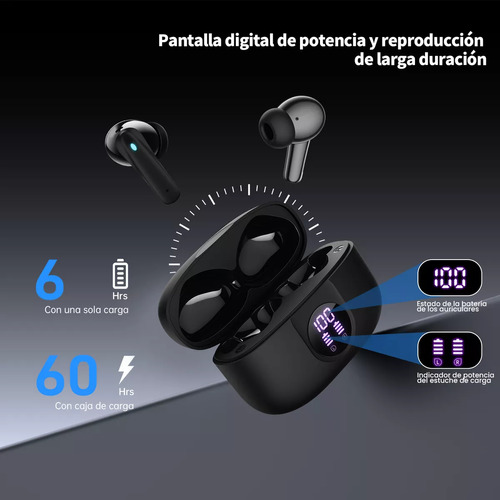 Audífonos Inalámbricos Occiam P91 In Ear Bluetooth 5.4 ANC ±30dB Cancelación de Ruido Color Negro 60H Autonomía ENC Conexión Rápida HI-FI Bajo IPX7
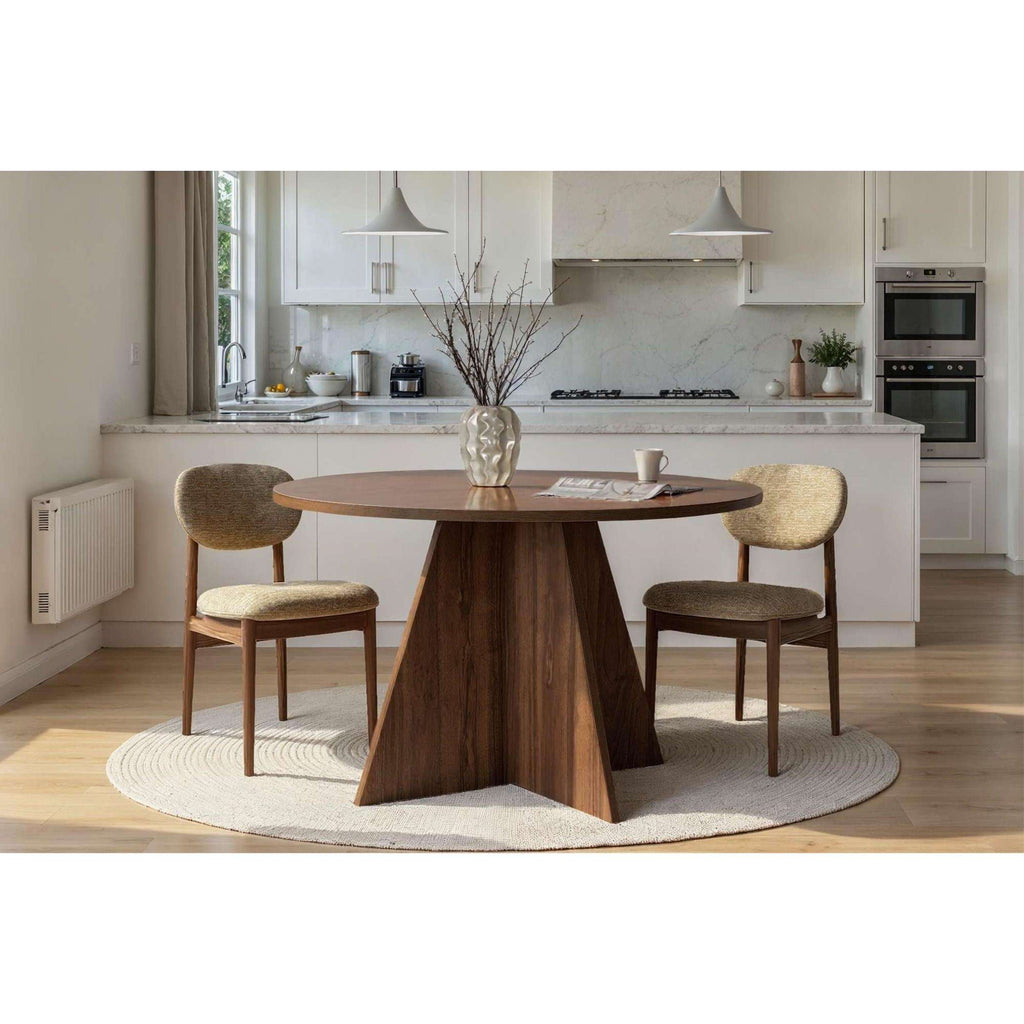 Walnut round dining table with tapered pedestal base, 120 cm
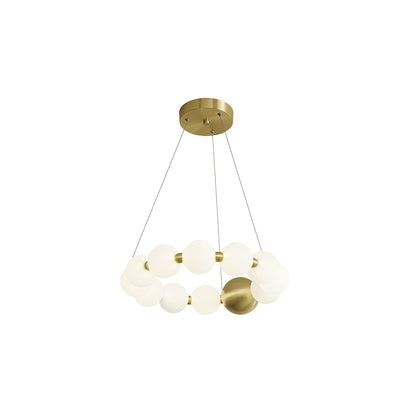 Acrylic Pearls Art Deco Brass Chandelier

§ **Exercise goal**: Return the material in full, word for word, and skip the pictures.

§ **Response**:
 Audífonos Inalámbricos Occiam P91 In Ear Bluetooth 5.4 ANC ±30dB Cancelación de Ruido Color Negro 60H Autonomía ENC Conexión Rápida HI-FI Bajo IPX7
 Walnut round dining table with tapered pedestal base, 120 cm
 Acrylic Pearls Art Deco Brass Chandelier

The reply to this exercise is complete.